A Study on Home Safety Practices to Prevent Childhood Injuries Among Mothers
Introduction: Most unintentional injuries in children occur at home and many are preventable. Mothers and family’s role in injury prevention is very important. We intended to study the role of home safety practices in prevention of childhood injuries.
Methods: This descriptive cross-sectional study was done using a questionnaire. Mothers of children aged one to five years were assessed about home safety practices to prevent childhood injuries. Questionnaire included personal data about the participants such as age, occupation, education, family size and number of children. Safety practices followed by mothers to prevent six types of injuries namely burn, cut, fall, drowning, poisoning and choking were noted.

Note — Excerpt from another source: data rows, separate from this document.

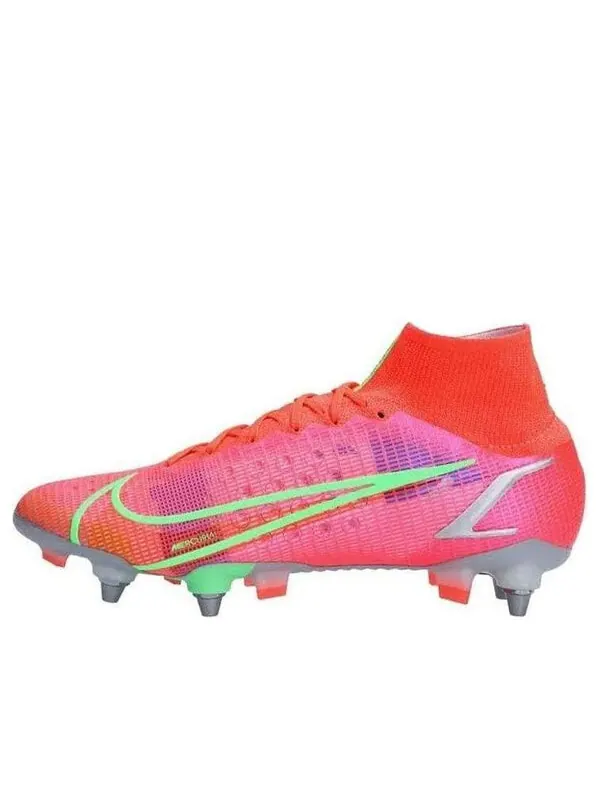 Кроссовки mercurial superfly 8 sg pro розовые Nike — изображение 1 из 4, розовый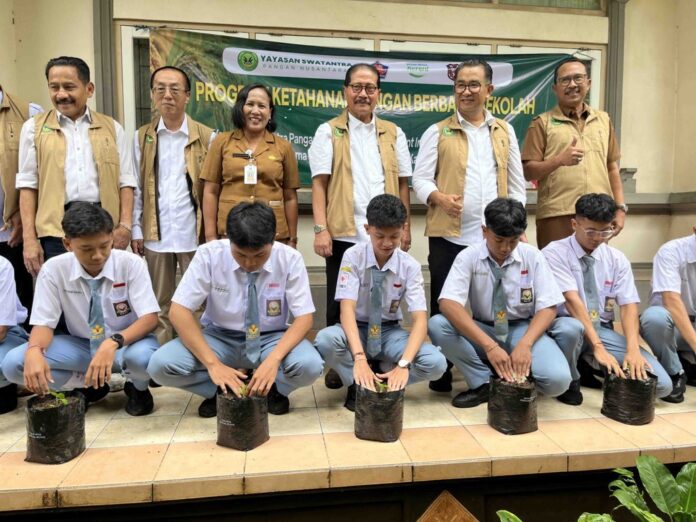 Ketahanan Pangan Berbasis Sekolah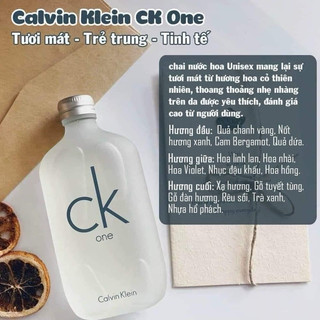 Nước hoa Unisex Ck one 200ml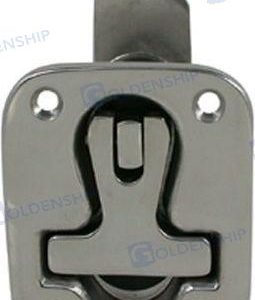 TIRADOR INOX "T" CUAD. 63X76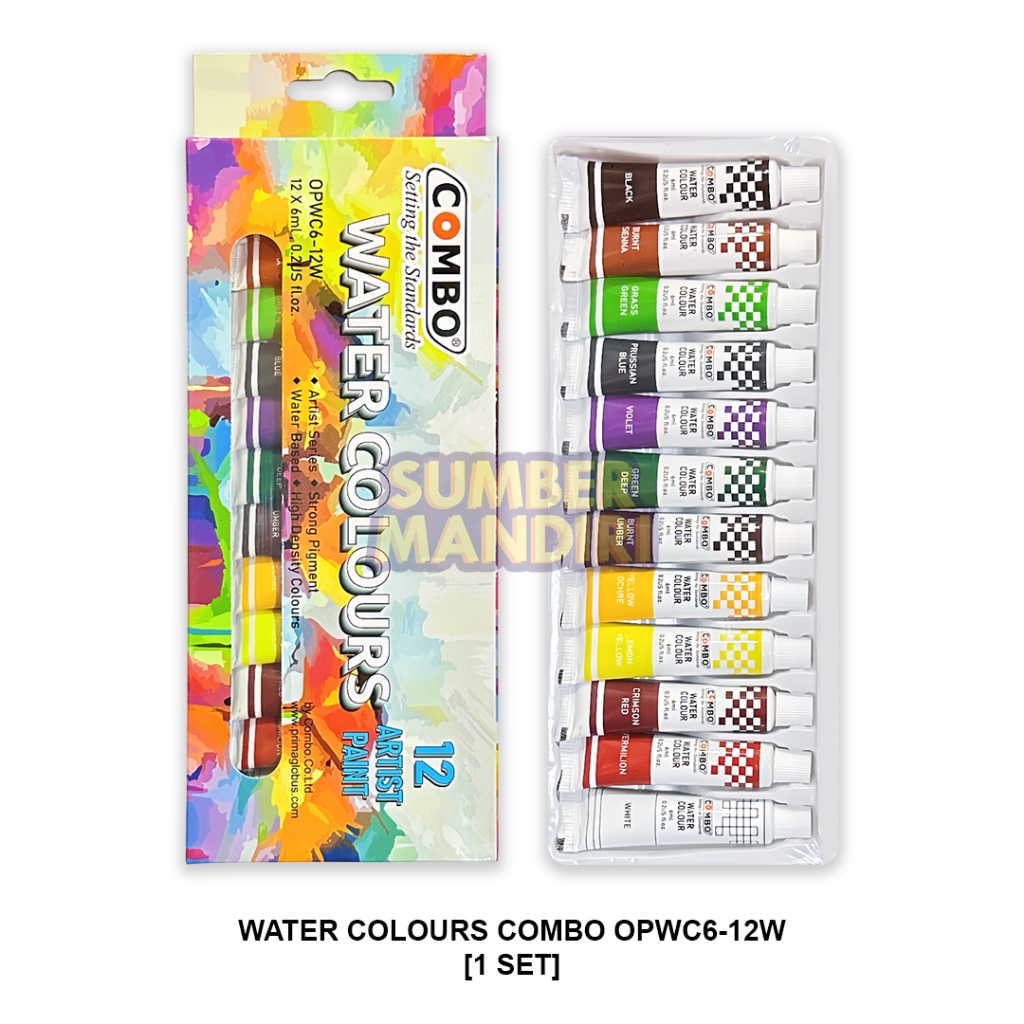 

Water Colours COMBO OPWC6-12W Cat Air [1 SET]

Results: Of the 150 mothers interviewed, 104 were aged below 30 years, 88 were educated up to high school and 130 were housewives. Thirty mothers reported some kind of injury sustained by their children, of which twenty-one were falls. Among precautionary measures mother – behaviour safety initiatives e.g. checking the hot water temperature (88%) or not leaving child alone (92%) got better responses than passive or environmental modifications e.g. using electrical – outlet protection (44%), staircase gates (52%). Overall safety practices were reasonably good with the majority scoring above 50%. Age, education, number of children, occupation of the mother, child age and history of injury did not correlate with the level of safety practices.
Conclusions: Mothers’ home safety practices to prevent childhood injuries were relatively better in majority of the study population. Mother’s age, educational level, occupation, number of children, child’s age and history of injury did not affect how mother and her family practiced safety measures.